The antique white bed was a purchase from Overstock, and the tables were recent finds at Christmas Tree Shop. I spent months looking for cute, affordable end tables that would match the overall style of the room, then stumbled upon these when I least expected it. Isn’t that always the way? Bonus: they were the cheapest ones I’ve seen!

Finding yellow lamps to pop the bedspread, purchased at Target, became my recent mission. Every yellow lamp I could find was either a) super expensive; b) the wrong style; or c) both.

Enter Goodwill!

My husband is addicted to the thrifting experience. He adores the thrill of the hunt — the serendipitous way certain items will fall into your lap. We spent many Saturday mornings at a giant outdoor yard sale, combing through others’ trash and treasures looking for it. Whatever “it” might be.

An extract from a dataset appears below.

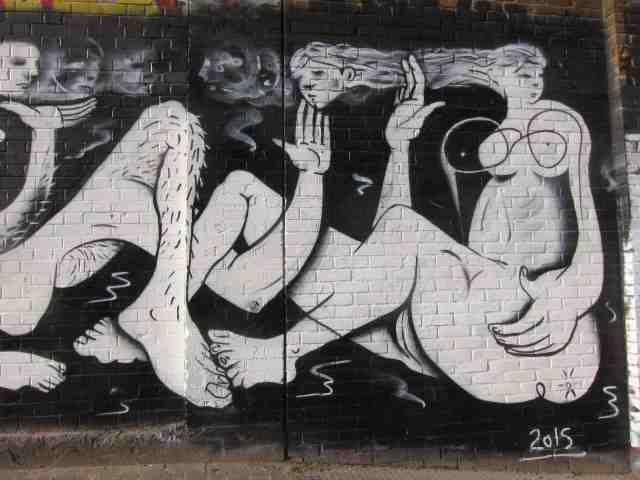 mural, two women and a hairly leg
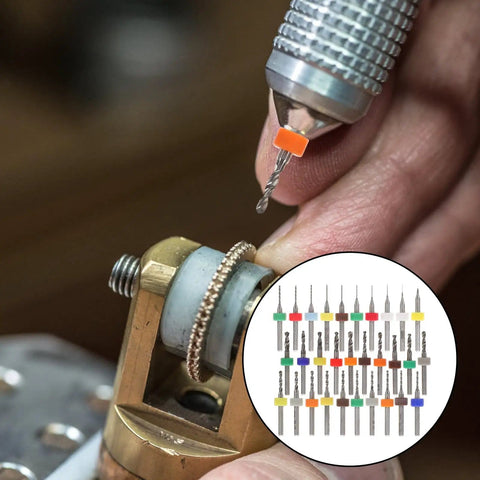 Close-up of Dope Carbide Micro Drill Bits Set for Jewelry Making and PCB Engraving, showing detail work on metal piece.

I’ll admit that, in the beginning, these adventures held little appeal for me. I went because I know he loves it, and he does have a knack for finding awesome things quite cheaply. Because he’s so handy, items that are broken or old to others are just brimming with possibilities for Spence . . . he can envision something more. I love that about him.

On Sunday, we were running errands and taking Ollie on his first Goodwill/Lowe’s run when I spotted them: two perfect, vintage yellow lamps high on a top shelf. Dusty and missing their shades, they were nevertheless exactly what I was looking for . . . and I got both for $15.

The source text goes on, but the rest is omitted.